▶ [Data below]:
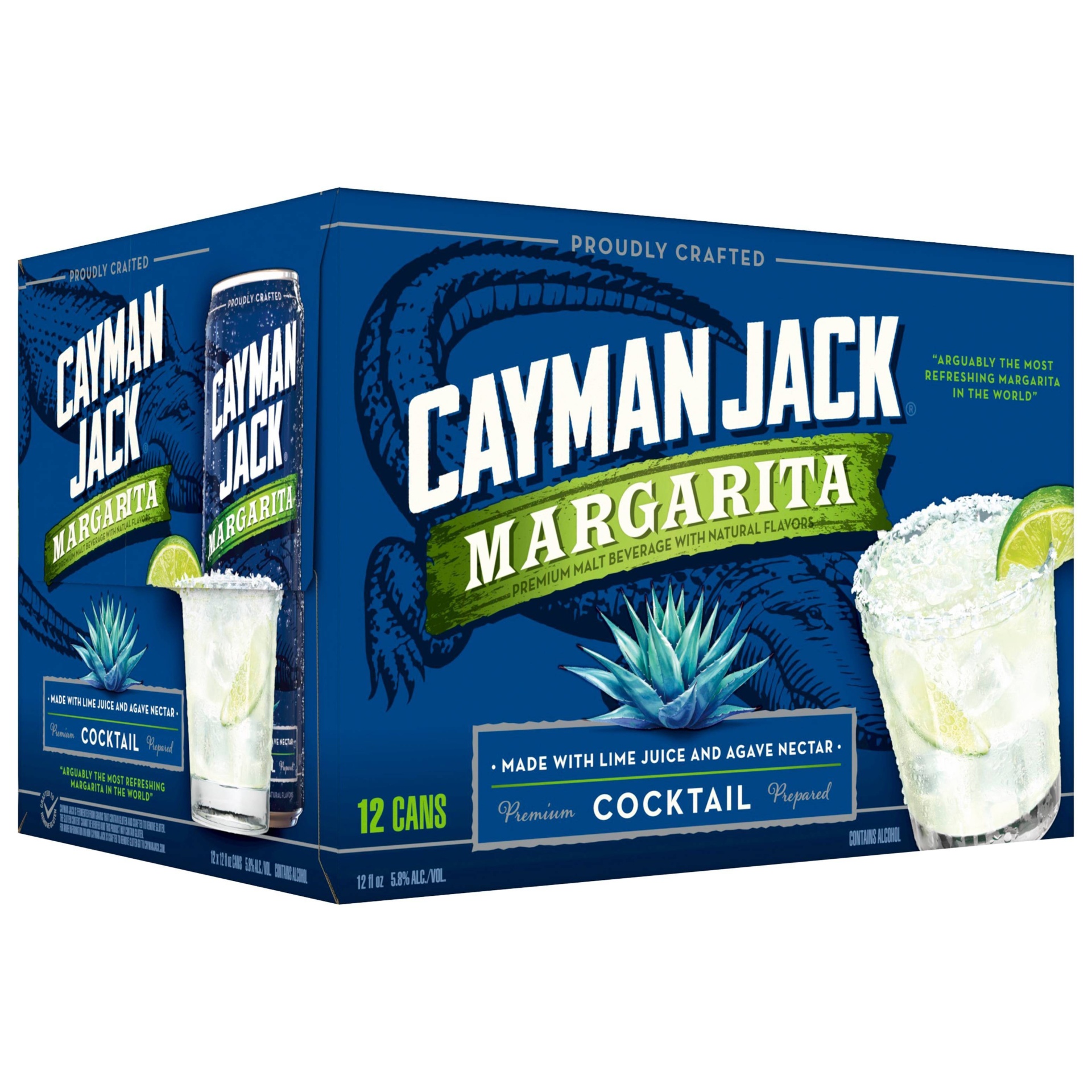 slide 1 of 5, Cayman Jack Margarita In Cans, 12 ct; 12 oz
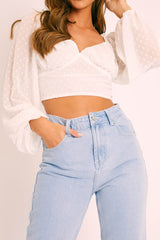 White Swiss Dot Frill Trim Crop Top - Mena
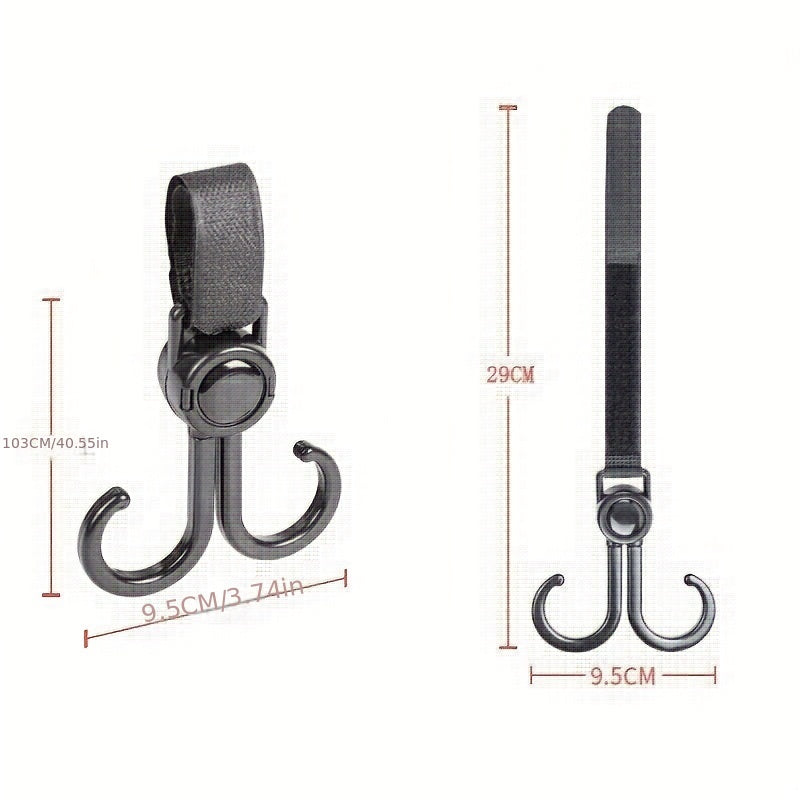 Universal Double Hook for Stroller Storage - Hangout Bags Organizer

▶ [Directions for this task]: Every line from the one bearing "White Swiss Dot Frill Trim Crop Top - Mena" through the end of the data above must be output exactly, and no picture may appear.

▶ [Expected answer]:
 White Swiss Dot Frill Trim Crop Top - Mena
 Universal Double Hook for Stroller Storage - Hangout Bags Organizer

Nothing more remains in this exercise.